Intel Looking to Boost Enterprise Biz in 2014
Company officials see momentum going into the new year, but analysts say there are still challenges in the data center.Most of the talk around Intel involves its efforts to gain traction against ARM and its partners in the highly competitive mobile device space, as well as its anticipated competition with ARM in the burgeoning low-power microserver market. The chip maker also is making moves in such diverse areas as the Internet of things, the cloud and wearable computing devices, essentially looking to establish itself in any area where it can make its mark with its Intel Architecture. However, Shannon Poulin's interest is more in what Intel is doing in the data center and, more specifically, in the enterprise. Intel is still the dominant chip maker in the data center, with its x86-based processors found in more than 80 percent of servers shipped. Overall, the company's Data Center Group had a good 2013, with revenues in the third quarter hitting $2.9 billion, 12.2 percent more than in the same period in 2012. Poulin, vice president and general manager of Intel Data Center Marketing Group, is anticipating the cloud computing segment of the business to see growth of more than 30 percent for the entire year, and high-performance computing (HPC) and technical computing to generate 20 percent growth. However, with the enterprise group—which focuses on such traditional customer groups as major enterprises and telecommunications companies that use its mainstream Xeon processors, networking equipment and solid-state disks (SSDs)—the numbers will be underwhelming, with revenues flat or slightly down from 2012, Poulin told eWEEK. Intel is scheduled to release fourth-quarter and yearly financial numbers Jan. 16.

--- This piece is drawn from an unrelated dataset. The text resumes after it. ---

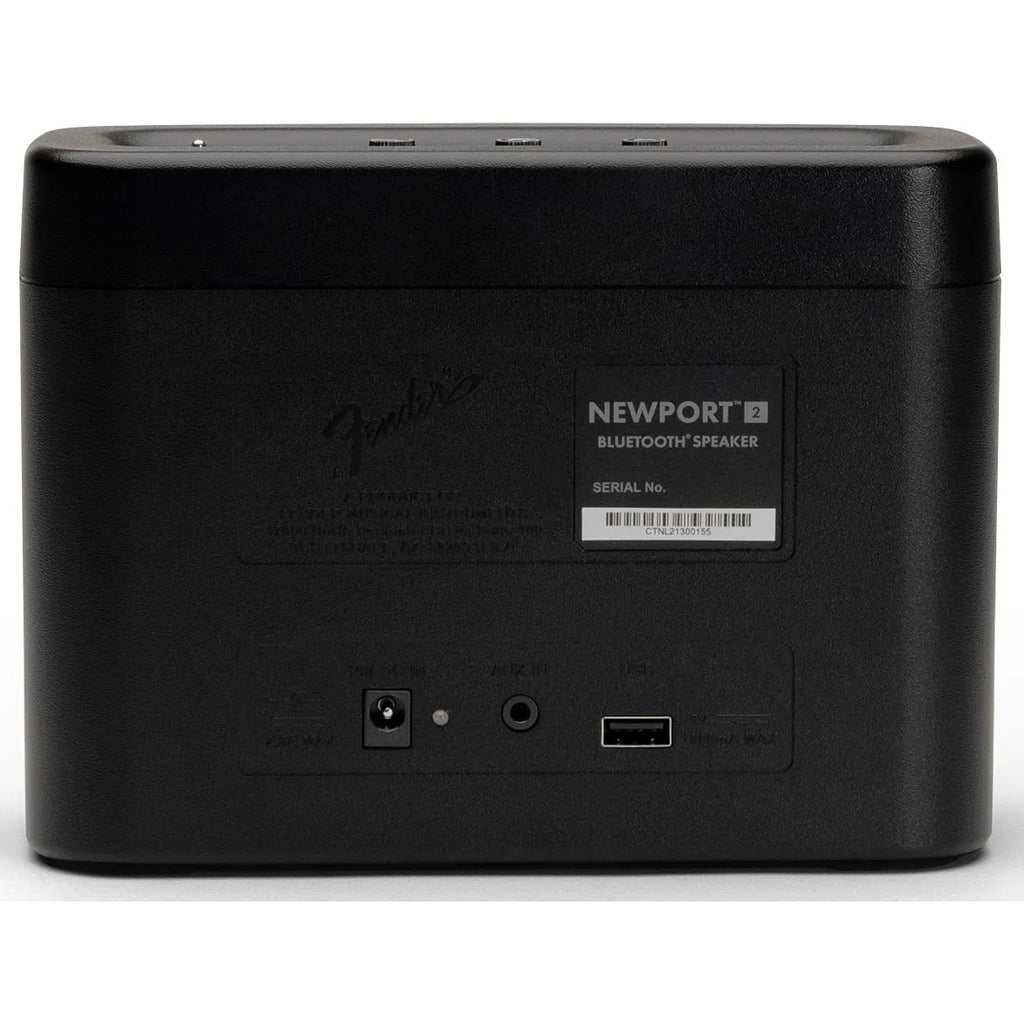Fender Audio NEWPORT 2 Bluetooth Speaker Black westerhaven-muziek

The reasons for the enterprise business' struggle are varied, from uncertain global economic conditions to the maturation of server virtualization technologies to the continued migration of workloads to the cloud, he said. That said, Poulin is expecting the enterprise segment to rebound in 2014, thanks to continued momentum from new products rolled out late in 2013, new offerings coming this year and an increasingly stronger worldwide macroeconomic picture.